[RECORDS PROVIDED]
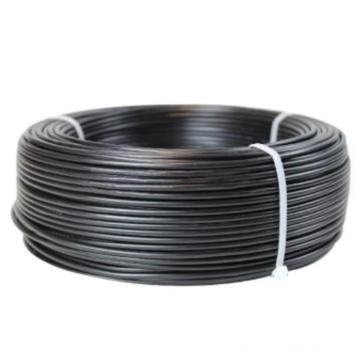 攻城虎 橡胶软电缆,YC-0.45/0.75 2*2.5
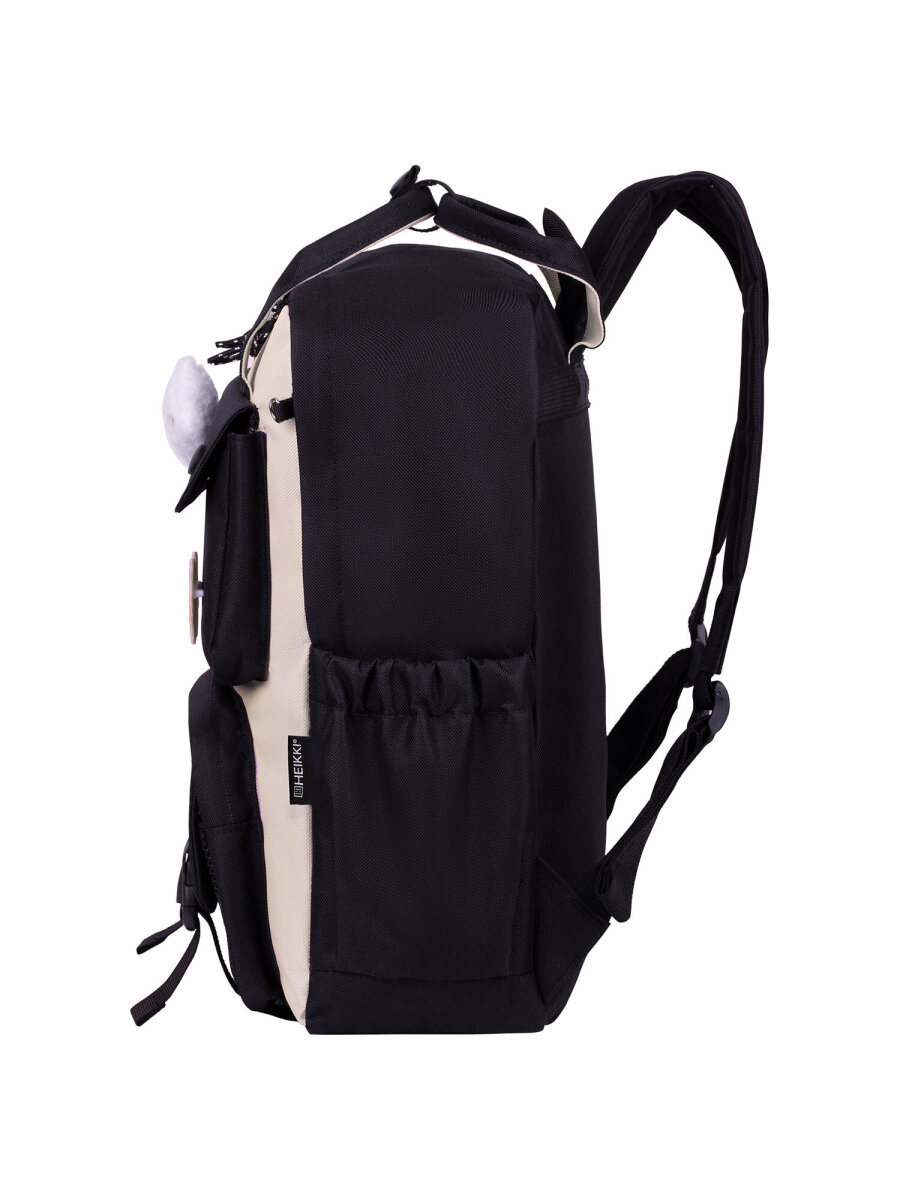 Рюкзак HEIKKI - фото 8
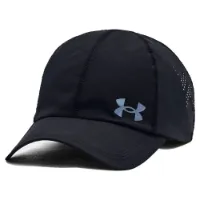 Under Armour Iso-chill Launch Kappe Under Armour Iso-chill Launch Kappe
[/RECORDS PROVIDED]
[RECORDS PROVIDED]
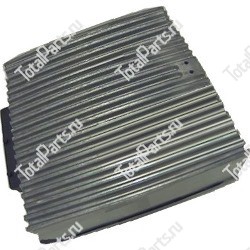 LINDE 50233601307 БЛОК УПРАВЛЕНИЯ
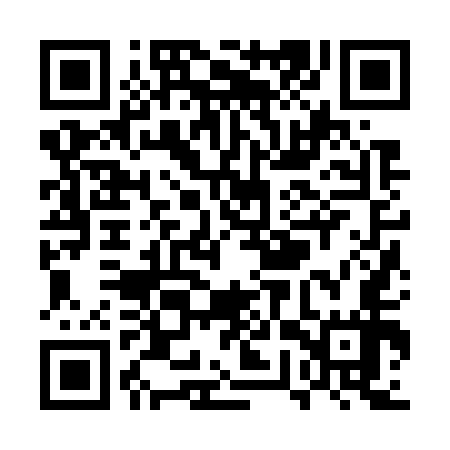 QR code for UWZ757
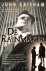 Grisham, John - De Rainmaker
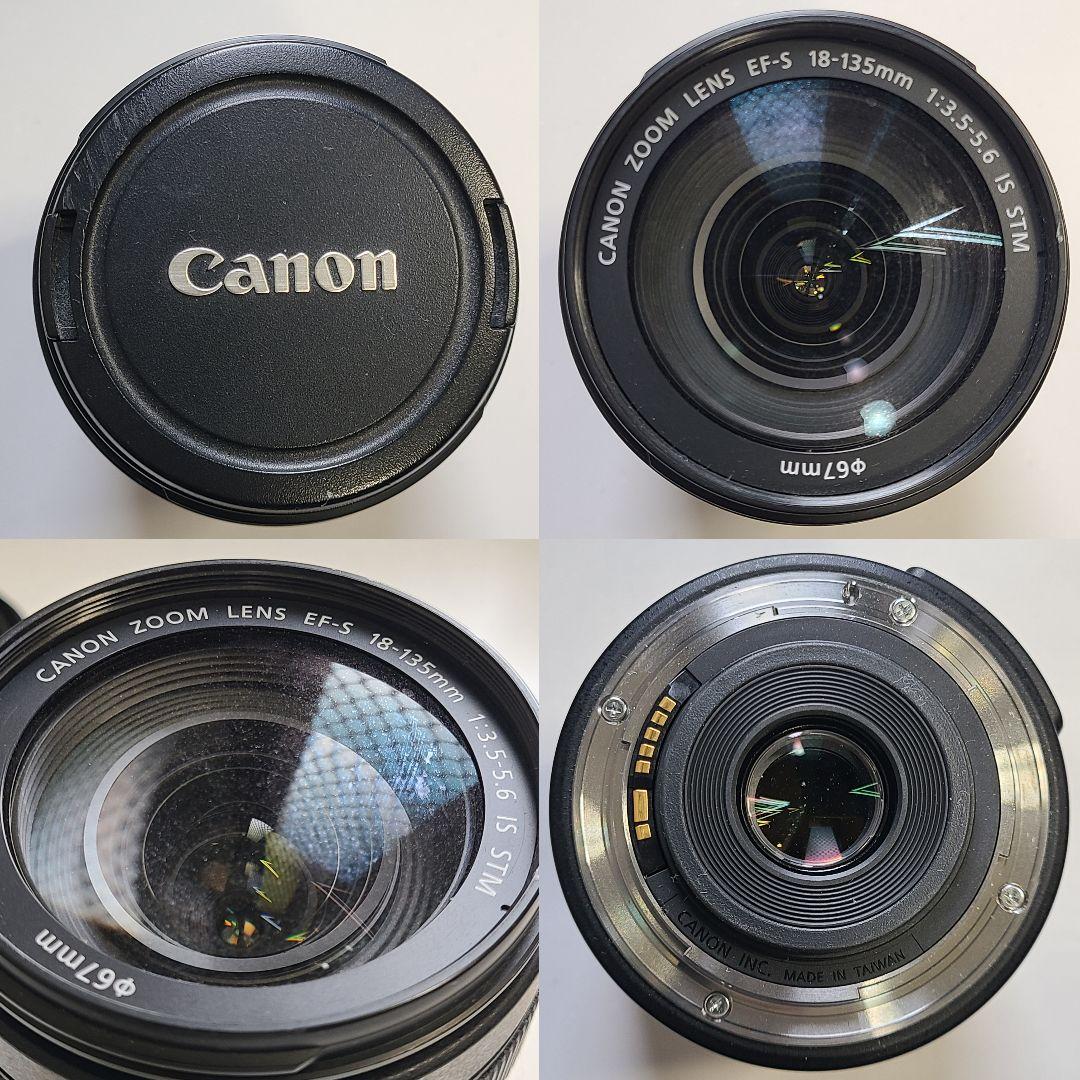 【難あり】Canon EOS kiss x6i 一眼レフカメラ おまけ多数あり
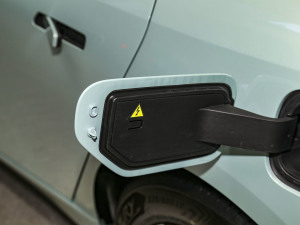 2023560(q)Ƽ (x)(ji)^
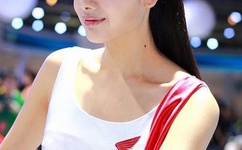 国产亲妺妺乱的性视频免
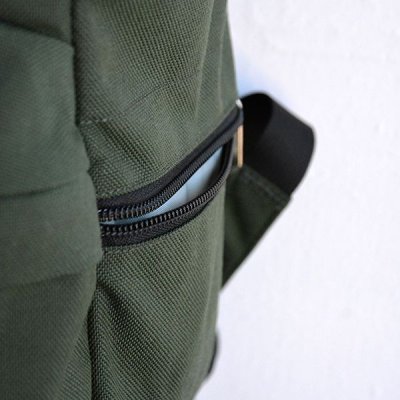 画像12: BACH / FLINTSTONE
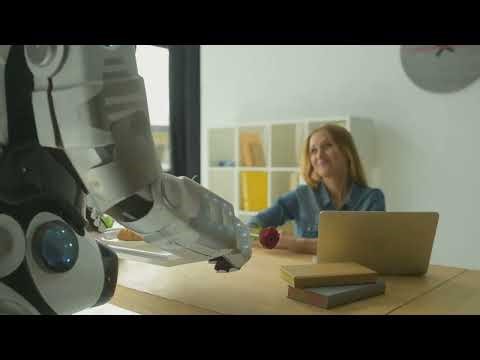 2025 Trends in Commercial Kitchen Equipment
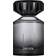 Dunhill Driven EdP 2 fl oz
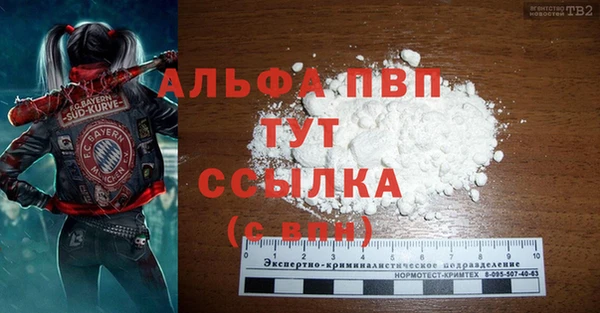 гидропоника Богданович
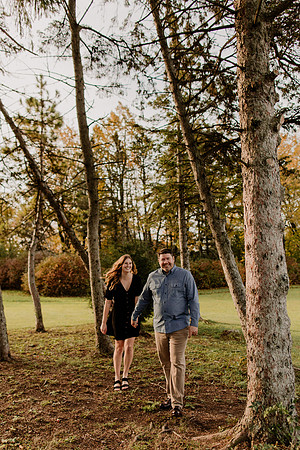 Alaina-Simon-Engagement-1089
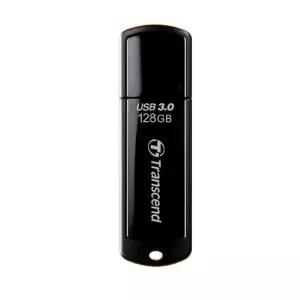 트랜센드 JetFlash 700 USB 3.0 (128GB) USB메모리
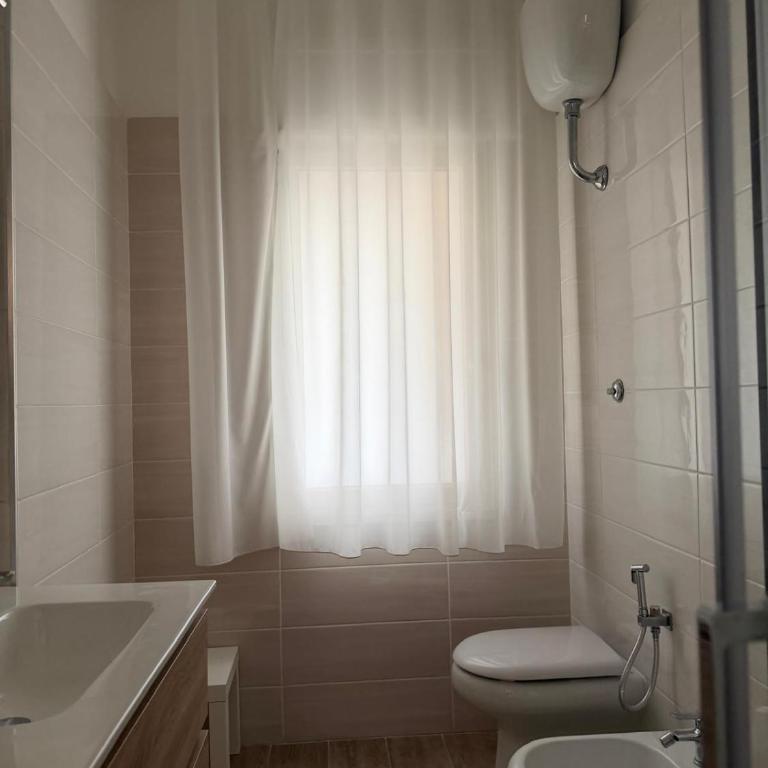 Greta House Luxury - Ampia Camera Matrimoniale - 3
[/RECORDS PROVIDED]
[RECORDS PROVIDED]
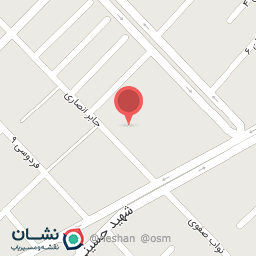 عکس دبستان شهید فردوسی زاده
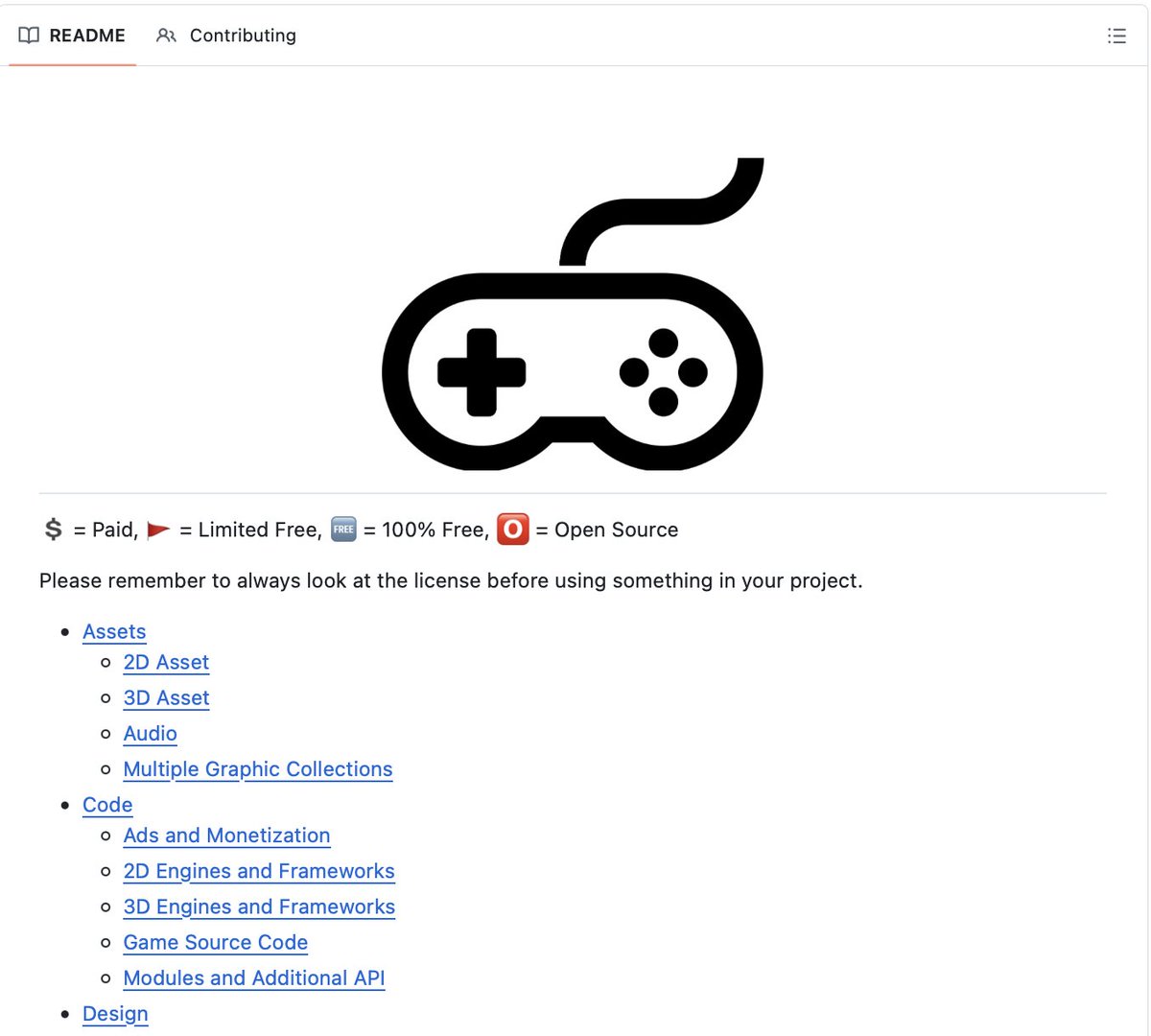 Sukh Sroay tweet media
[/RECORDS PROVIDED]
**EXERCISE DIRECTIONS:**
What do the entries above read from the line containing "攻城虎 橡胶软电缆,YC-0.45/0.75 2*2.5" through the line containing "Under Armour Iso-chill Launch Kappe Under"? Output those lines exactly, both ends included, with the pictures left out.

**RESULT FOR THIS EXERCISE:**
 攻城虎 橡胶软电缆,YC-0.45/0.75 2*2.5
 Рюкзак HEIKKI - фото 8
 Under Armour Iso-chill Launch Kappe Under Armour Iso-chill Launch Kappe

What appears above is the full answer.